> Requirement: Each entry below is to be copied verbatim.

(Dataset items)

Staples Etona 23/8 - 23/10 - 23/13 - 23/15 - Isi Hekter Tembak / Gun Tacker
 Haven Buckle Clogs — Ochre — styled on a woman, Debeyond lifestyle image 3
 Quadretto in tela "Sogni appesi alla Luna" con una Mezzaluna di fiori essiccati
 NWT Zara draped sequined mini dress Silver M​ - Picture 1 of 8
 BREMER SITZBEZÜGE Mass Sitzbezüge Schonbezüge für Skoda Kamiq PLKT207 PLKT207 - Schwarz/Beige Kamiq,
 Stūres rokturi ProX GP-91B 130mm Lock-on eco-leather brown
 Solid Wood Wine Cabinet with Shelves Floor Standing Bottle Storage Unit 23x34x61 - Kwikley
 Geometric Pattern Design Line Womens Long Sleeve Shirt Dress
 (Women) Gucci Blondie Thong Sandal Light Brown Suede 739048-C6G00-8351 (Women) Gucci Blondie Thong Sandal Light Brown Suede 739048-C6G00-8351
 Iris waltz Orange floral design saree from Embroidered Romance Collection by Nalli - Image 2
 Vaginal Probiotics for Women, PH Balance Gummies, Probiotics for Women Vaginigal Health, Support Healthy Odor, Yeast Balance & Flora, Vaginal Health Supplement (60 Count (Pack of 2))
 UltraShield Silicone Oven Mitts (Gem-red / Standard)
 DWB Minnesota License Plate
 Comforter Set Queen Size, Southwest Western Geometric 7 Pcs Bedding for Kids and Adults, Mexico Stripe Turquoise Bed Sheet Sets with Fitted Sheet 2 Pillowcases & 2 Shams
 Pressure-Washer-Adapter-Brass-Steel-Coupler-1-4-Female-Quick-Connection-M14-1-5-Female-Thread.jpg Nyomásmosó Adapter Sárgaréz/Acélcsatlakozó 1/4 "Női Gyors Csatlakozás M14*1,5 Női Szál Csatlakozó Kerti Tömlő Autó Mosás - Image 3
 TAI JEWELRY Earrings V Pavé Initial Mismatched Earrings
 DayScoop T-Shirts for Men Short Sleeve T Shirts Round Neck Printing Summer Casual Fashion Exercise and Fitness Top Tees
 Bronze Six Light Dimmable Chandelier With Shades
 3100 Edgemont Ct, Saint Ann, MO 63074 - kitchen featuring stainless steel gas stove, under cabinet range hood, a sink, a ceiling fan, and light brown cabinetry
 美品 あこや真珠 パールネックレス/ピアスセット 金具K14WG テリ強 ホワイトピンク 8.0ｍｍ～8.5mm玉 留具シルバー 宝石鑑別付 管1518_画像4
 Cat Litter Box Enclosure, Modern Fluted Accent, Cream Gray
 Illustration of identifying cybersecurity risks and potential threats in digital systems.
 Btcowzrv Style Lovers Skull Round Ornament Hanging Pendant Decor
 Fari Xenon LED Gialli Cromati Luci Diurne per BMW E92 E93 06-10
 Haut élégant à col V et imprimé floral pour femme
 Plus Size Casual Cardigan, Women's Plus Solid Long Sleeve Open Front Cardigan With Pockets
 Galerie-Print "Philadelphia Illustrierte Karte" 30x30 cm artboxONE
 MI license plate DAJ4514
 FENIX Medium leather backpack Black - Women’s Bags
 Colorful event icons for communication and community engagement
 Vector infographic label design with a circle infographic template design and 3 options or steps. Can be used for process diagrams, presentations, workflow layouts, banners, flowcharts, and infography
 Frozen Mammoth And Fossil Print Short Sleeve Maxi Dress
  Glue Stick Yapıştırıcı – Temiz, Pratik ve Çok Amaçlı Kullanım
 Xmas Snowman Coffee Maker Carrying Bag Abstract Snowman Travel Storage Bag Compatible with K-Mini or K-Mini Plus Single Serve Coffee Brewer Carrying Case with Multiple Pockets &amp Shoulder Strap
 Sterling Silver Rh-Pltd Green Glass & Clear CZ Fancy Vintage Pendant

> Written answer:
Staples Etona 23/8 - 23/10 - 23/13 - 23/15 - Isi Hekter Tembak / Gun Tacker
 Haven Buckle Clogs — Ochre — styled on a woman, Debeyond lifestyle image 3
 Quadretto in tela "Sogni appesi alla Luna" con una Mezzaluna di fiori essiccati
 NWT Zara draped sequined mini dress Silver M​ - Picture 1 of 8
 BREMER SITZBEZÜGE Mass Sitzbezüge Schonbezüge für Skoda Kamiq PLKT207 PLKT207 - Schwarz/Beige Kamiq,
 Stūres rokturi ProX GP-91B 130mm Lock-on eco-leather brown
 Solid Wood Wine Cabinet with Shelves Floor Standing Bottle Storage Unit 23x34x61 - Kwikley
 Geometric Pattern Design Line Womens Long Sleeve Shirt Dress
 (Women) Gucci Blondie Thong Sandal Light Brown Suede 739048-C6G00-8351 (Women) Gucci Blondie Thong Sandal Light Brown Suede 739048-C6G00-8351
 Iris waltz Orange floral design saree from Embroidered Romance Collection by Nalli - Image 2
 Vaginal Probiotics for Women, PH Balance Gummies, Probiotics for Women Vaginigal Health, Support Healthy Odor, Yeast Balance & Flora, Vaginal Health Supplement (60 Count (Pack of 2))
 UltraShield Silicone Oven Mitts (Gem-red / Standard)
 DWB Minnesota License Plate
 Comforter Set Queen Size, Southwest Western Geometric 7 Pcs Bedding for Kids and Adults, Mexico Stripe Turquoise Bed Sheet Sets with Fitted Sheet 2 Pillowcases & 2 Shams
 Pressure-Washer-Adapter-Brass-Steel-Coupler-1-4-Female-Quick-Connection-M14-1-5-Female-Thread.jpg Nyomásmosó Adapter Sárgaréz/Acélcsatlakozó 1/4 "Női Gyors Csatlakozás M14*1,5 Női Szál Csatlakozó Kerti Tömlő Autó Mosás - Image 3
 TAI JEWELRY Earrings V Pavé Initial Mismatched Earrings
 DayScoop T-Shirts for Men Short Sleeve T Shirts Round Neck Printing Summer Casual Fashion Exercise and Fitness Top Tees
 Bronze Six Light Dimmable Chandelier With Shades
 3100 Edgemont Ct, Saint Ann, MO 63074 - kitchen featuring stainless steel gas stove, under cabinet range hood, a sink, a ceiling fan, and light brown cabinetry
 美品 あこや真珠 パールネックレス/ピアスセット 金具K14WG テリ強 ホワイトピンク 8.0ｍｍ～8.5mm玉 留具シルバー 宝石鑑別付 管1518_画像4
 Cat Litter Box Enclosure, Modern Fluted Accent, Cream Gray
 Illustration of identifying cybersecurity risks and potential threats in digital systems.
 Btcowzrv Style Lovers Skull Round Ornament Hanging Pendant Decor
 Fari Xenon LED Gialli Cromati Luci Diurne per BMW E92 E93 06-10
 Haut élégant à col V et imprimé floral pour femme
 Plus Size Casual Cardigan, Women's Plus Solid Long Sleeve Open Front Cardigan With Pockets
 Galerie-Print "Philadelphia Illustrierte Karte" 30x30 cm artboxONE
 MI license plate DAJ4514
 FENIX Medium leather backpack Black - Women’s Bags
 Colorful event icons for communication and community engagement
 Vector infographic label design with a circle infographic template design and 3 options or steps. Can be used for process diagrams, presentations, workflow layouts, banners, flowcharts, and infography
 Frozen Mammoth And Fossil Print Short Sleeve Maxi Dress
  Glue Stick Yapıştırıcı – Temiz, Pratik ve Çok Amaçlı Kullanım
 Xmas Snowman Coffee Maker Carrying Bag Abstract Snowman Travel Storage Bag Compatible with K-Mini or K-Mini Plus Single Serve Coffee Brewer Carrying Case with Multiple Pockets &amp Shoulder Strap
 Sterling Silver Rh-Pltd Green Glass & Clear CZ Fancy Vintage Pendant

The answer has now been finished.